16 de junho de 2012 | 17h12

Glauber Gonçalves – Agência Estado

Um debate sobre infraestrutura e sustentabilidade opôs representantes da indústria, de um lado, e autoridades ambientais e ambientalistas de outro neste sábado, 16, no Forte de Copacabana, durante o Humanidade 2012, evento paralelo à Rio+20. No evento, a presidente do conselho do Greenpeace, Ana Toni, cobrou que a indústria do aço direcione sua produção para o desenvolvimento do transporte coletivo em detrimento do individual.

Em resposta, Benjamin Steinbruch, presidente da Companhia Siderúrgica Nacional (CSN), uma das maiores produtoras do insumo do País, e vice-presidente da Federação das Indústrias do Estado de São Paulo (Fiesp), disse que essa é uma questão que depende mais de políticas públicas. A declaração foi rebatida pela ambientalista. “Da forma que você coloca, parece que as empresas não têm poder de escolha”, disse.

A postura foi contestada também pela a presidente do Instituto Estadual do Ambiente (Inea) do Rio de Janeiro, Marilene Ramos. Ela criticou a posição de empresários da indústria favoráveis às políticas do governo de incentivo á compra de automóveis. “Certamente, a Fiesp e a Firjan (federações da indústria de São Paulo e do Rio) e a CNI (Confederação Nacional da Indústria), estiveram lá (em Brasília) para discutir as saídas para a crise e apoiaram esse tipo de medida”, declarou.

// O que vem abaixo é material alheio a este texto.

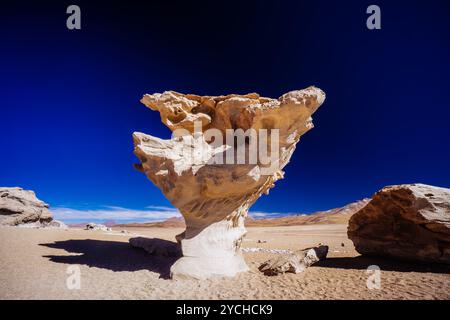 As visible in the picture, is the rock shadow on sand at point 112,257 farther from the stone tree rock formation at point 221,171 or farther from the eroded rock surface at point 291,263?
the eroded rock surface at point 291,263

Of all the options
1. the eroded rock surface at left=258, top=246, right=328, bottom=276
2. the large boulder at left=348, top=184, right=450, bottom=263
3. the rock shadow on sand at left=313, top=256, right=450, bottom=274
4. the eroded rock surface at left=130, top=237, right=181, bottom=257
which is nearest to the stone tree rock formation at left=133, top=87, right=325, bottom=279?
the eroded rock surface at left=258, top=246, right=328, bottom=276

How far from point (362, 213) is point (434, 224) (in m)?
3.14

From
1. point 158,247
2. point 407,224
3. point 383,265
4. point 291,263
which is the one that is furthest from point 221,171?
point 407,224

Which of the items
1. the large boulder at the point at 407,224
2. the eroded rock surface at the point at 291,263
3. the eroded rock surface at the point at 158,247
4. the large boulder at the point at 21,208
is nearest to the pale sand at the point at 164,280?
the eroded rock surface at the point at 291,263

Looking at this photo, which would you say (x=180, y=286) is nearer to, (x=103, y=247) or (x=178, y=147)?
(x=178, y=147)

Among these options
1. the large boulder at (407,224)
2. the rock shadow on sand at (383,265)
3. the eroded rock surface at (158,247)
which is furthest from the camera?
the eroded rock surface at (158,247)

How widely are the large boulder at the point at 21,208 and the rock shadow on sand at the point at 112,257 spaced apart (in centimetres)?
852

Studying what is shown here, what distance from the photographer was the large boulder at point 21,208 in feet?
60.5

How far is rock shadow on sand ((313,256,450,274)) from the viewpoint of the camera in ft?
30.5

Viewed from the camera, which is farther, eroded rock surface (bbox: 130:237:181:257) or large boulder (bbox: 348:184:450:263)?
eroded rock surface (bbox: 130:237:181:257)

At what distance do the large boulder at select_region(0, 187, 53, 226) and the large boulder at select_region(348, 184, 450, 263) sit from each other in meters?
21.7

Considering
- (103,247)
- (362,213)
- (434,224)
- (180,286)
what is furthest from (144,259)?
(434,224)

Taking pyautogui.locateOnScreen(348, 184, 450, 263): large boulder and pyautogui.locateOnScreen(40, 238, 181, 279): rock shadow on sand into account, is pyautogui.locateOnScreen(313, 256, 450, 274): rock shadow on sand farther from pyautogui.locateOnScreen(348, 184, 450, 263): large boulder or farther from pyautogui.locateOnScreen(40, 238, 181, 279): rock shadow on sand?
pyautogui.locateOnScreen(40, 238, 181, 279): rock shadow on sand

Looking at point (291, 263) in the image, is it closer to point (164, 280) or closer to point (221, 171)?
point (221, 171) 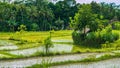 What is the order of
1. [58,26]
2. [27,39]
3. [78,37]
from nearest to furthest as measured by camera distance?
[78,37] → [27,39] → [58,26]

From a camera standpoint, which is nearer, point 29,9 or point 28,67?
point 28,67

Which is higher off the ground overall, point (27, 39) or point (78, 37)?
point (78, 37)

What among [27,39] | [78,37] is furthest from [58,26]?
[78,37]

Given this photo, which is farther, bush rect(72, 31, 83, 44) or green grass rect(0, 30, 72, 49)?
bush rect(72, 31, 83, 44)

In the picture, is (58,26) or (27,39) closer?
(27,39)

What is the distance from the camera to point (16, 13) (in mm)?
45375

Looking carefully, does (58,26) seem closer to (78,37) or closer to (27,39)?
(27,39)

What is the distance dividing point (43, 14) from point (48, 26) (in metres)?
2.15

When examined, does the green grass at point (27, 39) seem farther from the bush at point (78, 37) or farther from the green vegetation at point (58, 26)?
the bush at point (78, 37)

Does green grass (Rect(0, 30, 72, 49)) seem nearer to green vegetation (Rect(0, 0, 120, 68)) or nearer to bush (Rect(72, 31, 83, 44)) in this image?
green vegetation (Rect(0, 0, 120, 68))

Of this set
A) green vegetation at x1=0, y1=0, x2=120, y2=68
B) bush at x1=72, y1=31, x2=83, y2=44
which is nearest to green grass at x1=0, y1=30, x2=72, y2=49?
green vegetation at x1=0, y1=0, x2=120, y2=68

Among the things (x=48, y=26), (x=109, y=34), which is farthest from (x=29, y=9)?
(x=109, y=34)

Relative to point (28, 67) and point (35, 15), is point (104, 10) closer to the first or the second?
point (35, 15)

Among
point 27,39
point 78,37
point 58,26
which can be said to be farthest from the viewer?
point 58,26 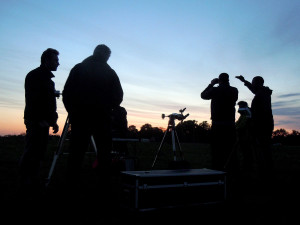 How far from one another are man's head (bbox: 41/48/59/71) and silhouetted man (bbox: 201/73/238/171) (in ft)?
9.46

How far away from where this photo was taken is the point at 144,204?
320 centimetres

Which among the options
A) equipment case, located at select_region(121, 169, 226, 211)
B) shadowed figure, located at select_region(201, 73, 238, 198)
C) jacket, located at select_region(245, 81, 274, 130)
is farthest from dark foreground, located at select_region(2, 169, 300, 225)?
jacket, located at select_region(245, 81, 274, 130)

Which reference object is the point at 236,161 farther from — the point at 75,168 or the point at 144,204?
the point at 75,168

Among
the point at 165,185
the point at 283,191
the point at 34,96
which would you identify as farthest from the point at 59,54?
the point at 283,191

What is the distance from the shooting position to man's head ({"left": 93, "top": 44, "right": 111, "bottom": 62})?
11.4 feet

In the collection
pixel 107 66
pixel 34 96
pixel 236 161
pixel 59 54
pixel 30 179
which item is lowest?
pixel 30 179

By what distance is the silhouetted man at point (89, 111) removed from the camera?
10.8 ft

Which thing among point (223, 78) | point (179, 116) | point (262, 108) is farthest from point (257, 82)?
point (179, 116)

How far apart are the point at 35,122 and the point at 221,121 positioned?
343cm

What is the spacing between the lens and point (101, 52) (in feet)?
11.5

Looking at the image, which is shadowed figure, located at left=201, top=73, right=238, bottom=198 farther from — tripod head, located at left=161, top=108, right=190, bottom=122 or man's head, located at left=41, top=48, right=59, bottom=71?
man's head, located at left=41, top=48, right=59, bottom=71

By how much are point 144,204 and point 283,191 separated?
292 centimetres

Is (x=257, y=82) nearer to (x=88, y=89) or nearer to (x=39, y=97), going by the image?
(x=88, y=89)

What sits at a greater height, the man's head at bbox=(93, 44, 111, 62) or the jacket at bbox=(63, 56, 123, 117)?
the man's head at bbox=(93, 44, 111, 62) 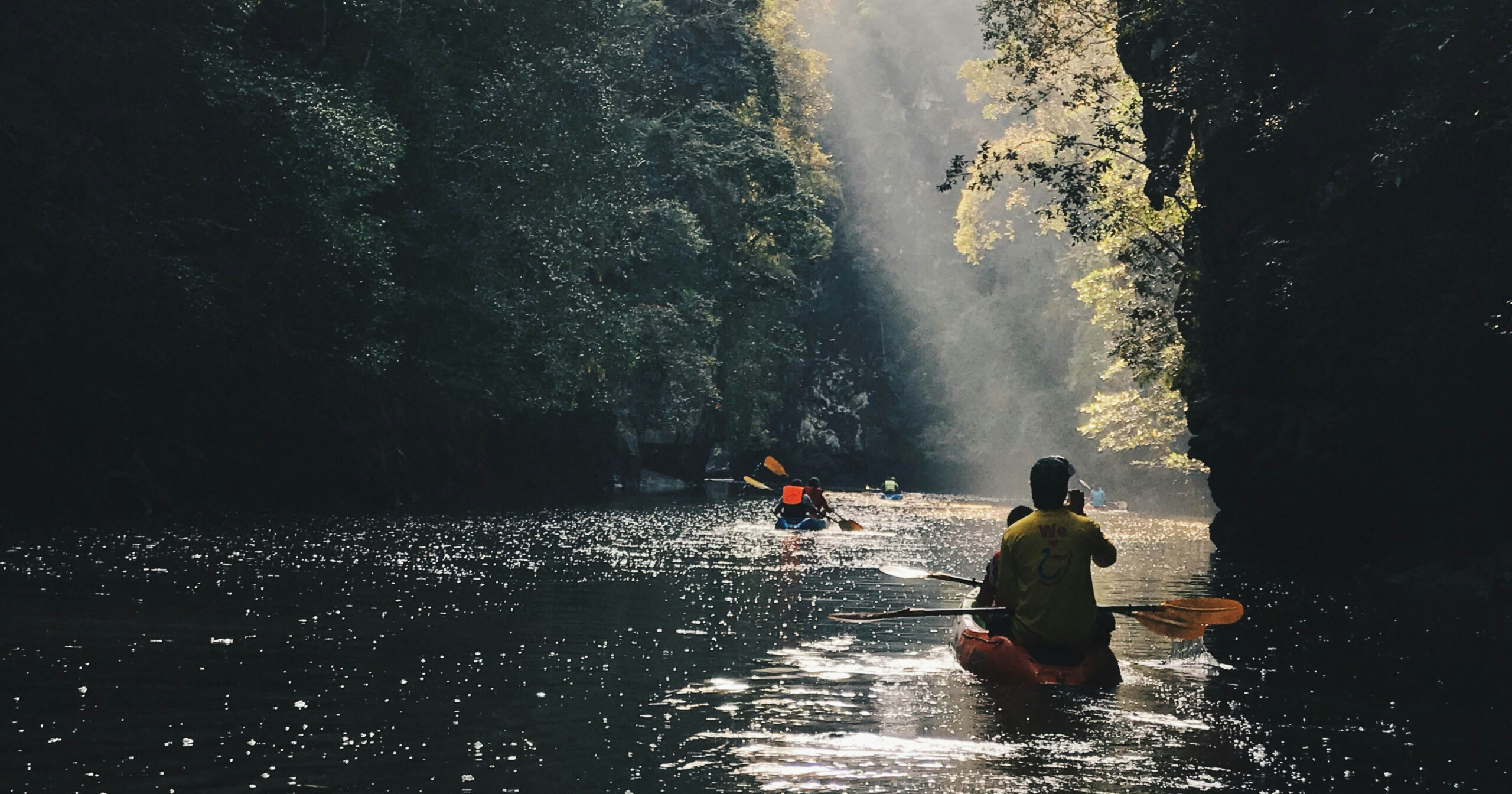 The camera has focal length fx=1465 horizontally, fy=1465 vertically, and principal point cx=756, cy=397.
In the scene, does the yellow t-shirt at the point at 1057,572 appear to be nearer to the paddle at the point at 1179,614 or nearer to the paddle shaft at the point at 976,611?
the paddle shaft at the point at 976,611

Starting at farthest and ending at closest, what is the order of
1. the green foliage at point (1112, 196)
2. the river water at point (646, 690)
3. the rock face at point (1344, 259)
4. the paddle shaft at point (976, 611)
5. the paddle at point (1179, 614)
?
1. the green foliage at point (1112, 196)
2. the rock face at point (1344, 259)
3. the paddle at point (1179, 614)
4. the paddle shaft at point (976, 611)
5. the river water at point (646, 690)

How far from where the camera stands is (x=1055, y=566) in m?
11.6

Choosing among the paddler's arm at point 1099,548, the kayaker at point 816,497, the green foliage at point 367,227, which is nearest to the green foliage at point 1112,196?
the kayaker at point 816,497

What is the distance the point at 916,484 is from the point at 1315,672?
67.2 m

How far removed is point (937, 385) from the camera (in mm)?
80875

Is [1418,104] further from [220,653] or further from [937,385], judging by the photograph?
[937,385]

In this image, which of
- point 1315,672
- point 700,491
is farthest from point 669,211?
point 1315,672

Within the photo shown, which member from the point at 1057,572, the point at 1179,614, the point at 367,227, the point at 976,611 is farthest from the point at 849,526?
the point at 1057,572

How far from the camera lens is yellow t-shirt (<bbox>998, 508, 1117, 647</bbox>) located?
37.7 feet

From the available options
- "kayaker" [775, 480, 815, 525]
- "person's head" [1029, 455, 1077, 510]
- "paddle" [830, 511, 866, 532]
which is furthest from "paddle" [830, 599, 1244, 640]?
"paddle" [830, 511, 866, 532]

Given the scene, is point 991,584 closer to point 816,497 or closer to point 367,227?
point 816,497

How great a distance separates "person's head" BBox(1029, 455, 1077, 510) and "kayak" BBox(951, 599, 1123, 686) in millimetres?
1261

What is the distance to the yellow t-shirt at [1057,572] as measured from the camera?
11477 millimetres

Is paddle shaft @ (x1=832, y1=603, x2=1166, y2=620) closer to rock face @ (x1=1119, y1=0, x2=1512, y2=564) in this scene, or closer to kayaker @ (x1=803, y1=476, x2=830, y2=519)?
rock face @ (x1=1119, y1=0, x2=1512, y2=564) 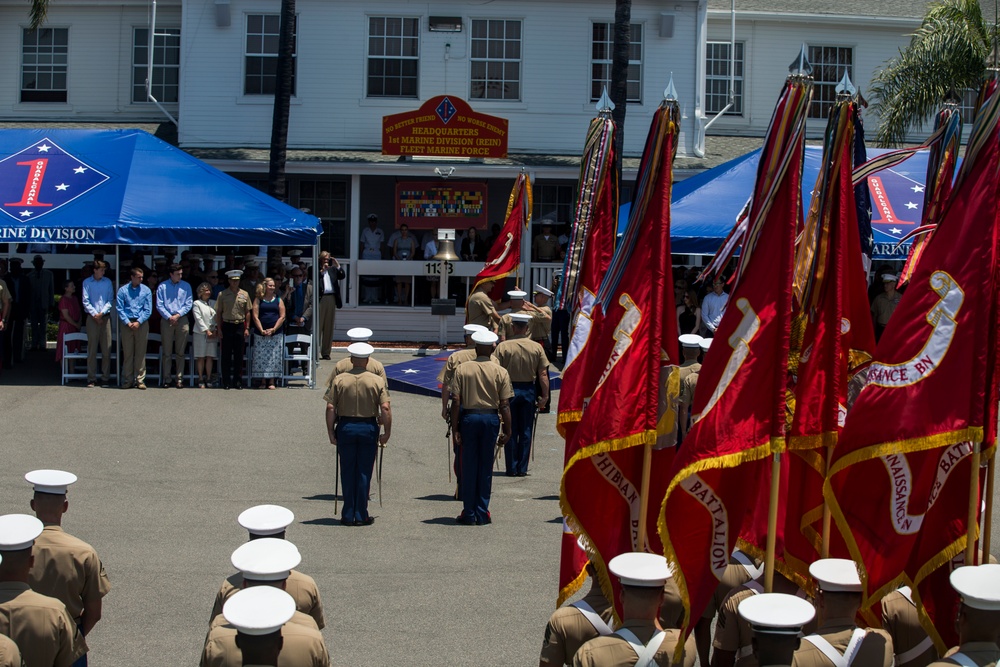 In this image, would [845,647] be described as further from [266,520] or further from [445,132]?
[445,132]

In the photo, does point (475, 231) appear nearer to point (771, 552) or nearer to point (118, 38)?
point (118, 38)

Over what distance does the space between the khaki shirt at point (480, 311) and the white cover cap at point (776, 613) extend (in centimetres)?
1336

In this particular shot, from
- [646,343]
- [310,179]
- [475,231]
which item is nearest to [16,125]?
[310,179]

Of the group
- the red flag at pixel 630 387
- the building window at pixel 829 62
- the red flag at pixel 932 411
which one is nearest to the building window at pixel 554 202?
the building window at pixel 829 62

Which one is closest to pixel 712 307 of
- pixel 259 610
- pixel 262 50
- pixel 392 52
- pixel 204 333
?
pixel 204 333

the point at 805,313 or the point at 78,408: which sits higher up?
the point at 805,313

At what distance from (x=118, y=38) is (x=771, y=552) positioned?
26.7 m

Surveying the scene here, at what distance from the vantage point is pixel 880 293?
22.3m

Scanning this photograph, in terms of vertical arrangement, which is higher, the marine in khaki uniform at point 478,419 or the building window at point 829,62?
the building window at point 829,62

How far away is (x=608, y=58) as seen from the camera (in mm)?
28156

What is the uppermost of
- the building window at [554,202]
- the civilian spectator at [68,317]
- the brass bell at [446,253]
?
the building window at [554,202]

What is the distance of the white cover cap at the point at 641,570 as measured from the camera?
5492 millimetres

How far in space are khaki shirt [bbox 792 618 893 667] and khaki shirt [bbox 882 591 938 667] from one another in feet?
2.02

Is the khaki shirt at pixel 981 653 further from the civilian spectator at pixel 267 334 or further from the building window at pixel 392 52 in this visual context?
the building window at pixel 392 52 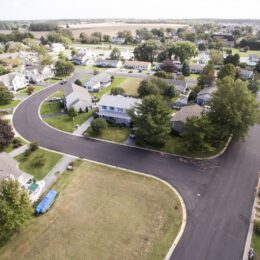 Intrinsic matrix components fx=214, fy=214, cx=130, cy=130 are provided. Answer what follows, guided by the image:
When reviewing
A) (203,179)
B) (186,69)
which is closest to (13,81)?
(186,69)

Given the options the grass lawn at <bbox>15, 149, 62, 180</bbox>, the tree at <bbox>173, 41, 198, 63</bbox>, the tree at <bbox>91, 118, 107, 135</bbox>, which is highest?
the tree at <bbox>173, 41, 198, 63</bbox>

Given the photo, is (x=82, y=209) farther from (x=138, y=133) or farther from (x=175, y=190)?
(x=138, y=133)

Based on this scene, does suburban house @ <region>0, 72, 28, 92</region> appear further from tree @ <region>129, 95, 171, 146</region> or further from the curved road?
tree @ <region>129, 95, 171, 146</region>

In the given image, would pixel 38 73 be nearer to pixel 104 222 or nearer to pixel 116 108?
pixel 116 108

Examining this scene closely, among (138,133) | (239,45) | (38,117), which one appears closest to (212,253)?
(138,133)

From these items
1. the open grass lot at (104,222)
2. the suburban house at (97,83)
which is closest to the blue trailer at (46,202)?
the open grass lot at (104,222)

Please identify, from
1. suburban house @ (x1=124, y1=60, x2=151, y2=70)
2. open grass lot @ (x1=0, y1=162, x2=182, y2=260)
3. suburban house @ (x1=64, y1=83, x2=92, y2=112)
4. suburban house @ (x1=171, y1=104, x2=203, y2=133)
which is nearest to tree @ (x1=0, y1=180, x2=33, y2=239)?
open grass lot @ (x1=0, y1=162, x2=182, y2=260) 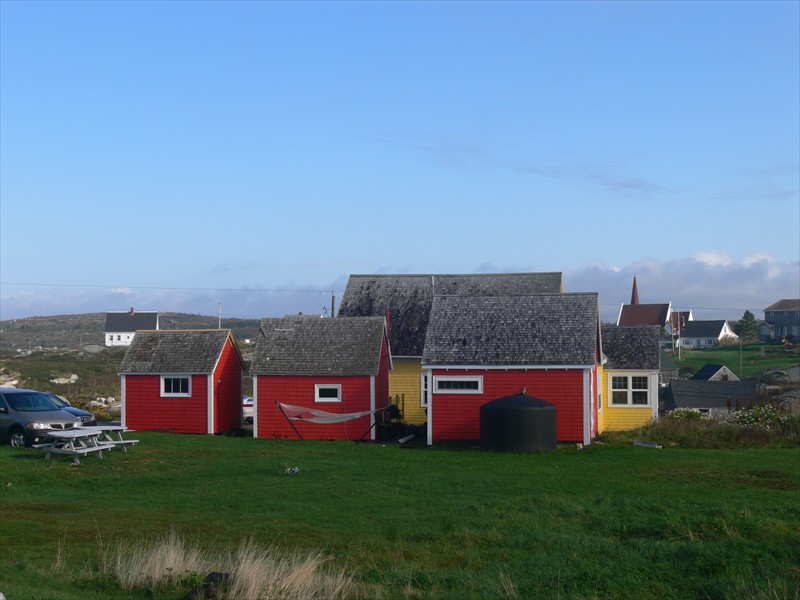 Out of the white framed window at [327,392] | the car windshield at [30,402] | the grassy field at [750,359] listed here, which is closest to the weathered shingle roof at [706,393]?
the white framed window at [327,392]

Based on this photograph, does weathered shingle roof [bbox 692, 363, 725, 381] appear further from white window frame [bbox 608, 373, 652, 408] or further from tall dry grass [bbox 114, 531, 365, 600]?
tall dry grass [bbox 114, 531, 365, 600]

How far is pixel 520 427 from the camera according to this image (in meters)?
29.3

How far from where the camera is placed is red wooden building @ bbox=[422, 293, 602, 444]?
31.8m

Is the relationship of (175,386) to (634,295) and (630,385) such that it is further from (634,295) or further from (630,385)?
(634,295)

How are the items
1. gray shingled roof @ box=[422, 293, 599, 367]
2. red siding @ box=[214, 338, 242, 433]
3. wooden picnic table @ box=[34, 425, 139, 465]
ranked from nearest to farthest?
wooden picnic table @ box=[34, 425, 139, 465]
gray shingled roof @ box=[422, 293, 599, 367]
red siding @ box=[214, 338, 242, 433]

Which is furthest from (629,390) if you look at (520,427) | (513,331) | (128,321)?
(128,321)

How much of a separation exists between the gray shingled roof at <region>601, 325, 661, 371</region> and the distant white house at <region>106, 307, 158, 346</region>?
84877 mm

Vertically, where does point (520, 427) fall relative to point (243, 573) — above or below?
below

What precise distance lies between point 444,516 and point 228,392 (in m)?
21.6

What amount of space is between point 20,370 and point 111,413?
25338 mm

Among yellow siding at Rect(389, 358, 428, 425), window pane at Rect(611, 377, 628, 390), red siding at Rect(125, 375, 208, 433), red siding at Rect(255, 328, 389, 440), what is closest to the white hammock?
red siding at Rect(255, 328, 389, 440)

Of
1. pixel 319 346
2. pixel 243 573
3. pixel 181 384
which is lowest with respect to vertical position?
pixel 243 573

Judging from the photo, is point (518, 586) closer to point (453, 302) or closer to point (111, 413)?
point (453, 302)

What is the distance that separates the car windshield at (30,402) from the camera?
2975 cm
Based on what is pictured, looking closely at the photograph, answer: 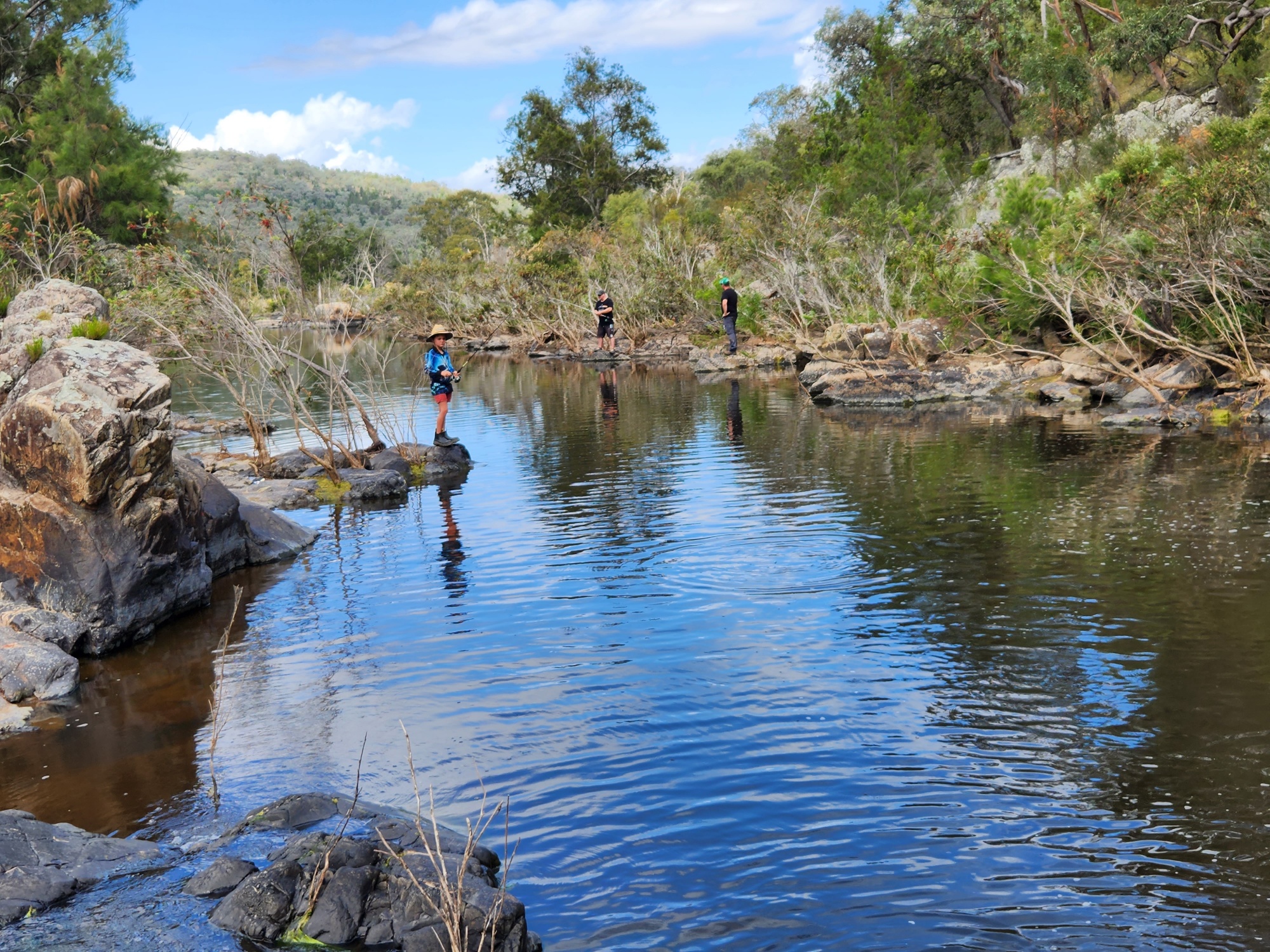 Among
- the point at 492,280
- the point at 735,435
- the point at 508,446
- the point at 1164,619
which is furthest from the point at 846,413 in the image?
the point at 492,280

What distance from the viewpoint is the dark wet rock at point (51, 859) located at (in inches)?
194

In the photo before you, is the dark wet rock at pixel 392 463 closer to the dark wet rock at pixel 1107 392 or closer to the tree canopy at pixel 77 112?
the dark wet rock at pixel 1107 392

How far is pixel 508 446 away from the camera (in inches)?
813

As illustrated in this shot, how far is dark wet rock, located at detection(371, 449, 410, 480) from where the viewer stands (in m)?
17.3

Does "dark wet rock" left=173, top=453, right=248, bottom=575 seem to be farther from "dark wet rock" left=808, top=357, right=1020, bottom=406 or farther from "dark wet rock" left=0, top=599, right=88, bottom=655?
"dark wet rock" left=808, top=357, right=1020, bottom=406

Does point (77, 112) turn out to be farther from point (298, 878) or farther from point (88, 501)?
point (298, 878)

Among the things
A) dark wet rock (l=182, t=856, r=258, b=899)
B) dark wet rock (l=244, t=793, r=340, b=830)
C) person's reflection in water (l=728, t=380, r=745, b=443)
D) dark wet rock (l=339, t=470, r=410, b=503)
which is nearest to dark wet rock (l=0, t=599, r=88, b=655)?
dark wet rock (l=244, t=793, r=340, b=830)

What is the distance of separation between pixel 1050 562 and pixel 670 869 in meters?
6.39

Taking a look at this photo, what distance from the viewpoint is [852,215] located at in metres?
34.2

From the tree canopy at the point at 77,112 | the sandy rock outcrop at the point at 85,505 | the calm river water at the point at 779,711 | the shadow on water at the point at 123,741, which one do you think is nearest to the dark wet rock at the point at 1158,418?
the calm river water at the point at 779,711

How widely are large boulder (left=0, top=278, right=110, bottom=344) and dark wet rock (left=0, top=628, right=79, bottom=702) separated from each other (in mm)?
3466

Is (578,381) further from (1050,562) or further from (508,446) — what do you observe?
(1050,562)

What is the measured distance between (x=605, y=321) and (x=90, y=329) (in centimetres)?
2710

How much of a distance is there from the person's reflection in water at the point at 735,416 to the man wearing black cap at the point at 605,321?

Marilene acrescentou que as empresas têm condições de influenciar na formulação de políticas nacionais em prol da sustentabilidade e afirmou que deveriam agir nesse sentido. “Uma postura arrojada do setor empresarial pode ajudar muito”, cobrou. Após o evento, Steinbruch atenuou o discurso e afirmou que a indústria vai se envolver no debate sobre a priorização do transporte coletivo no País.

“Temos que conversar, ver o que precisa e levar de forma conjunta para o Estado para que priorize essa política. A política de transporte público é do Estado. Não temos como assumir isso, mas de certa forma temos como induzir”, declarou.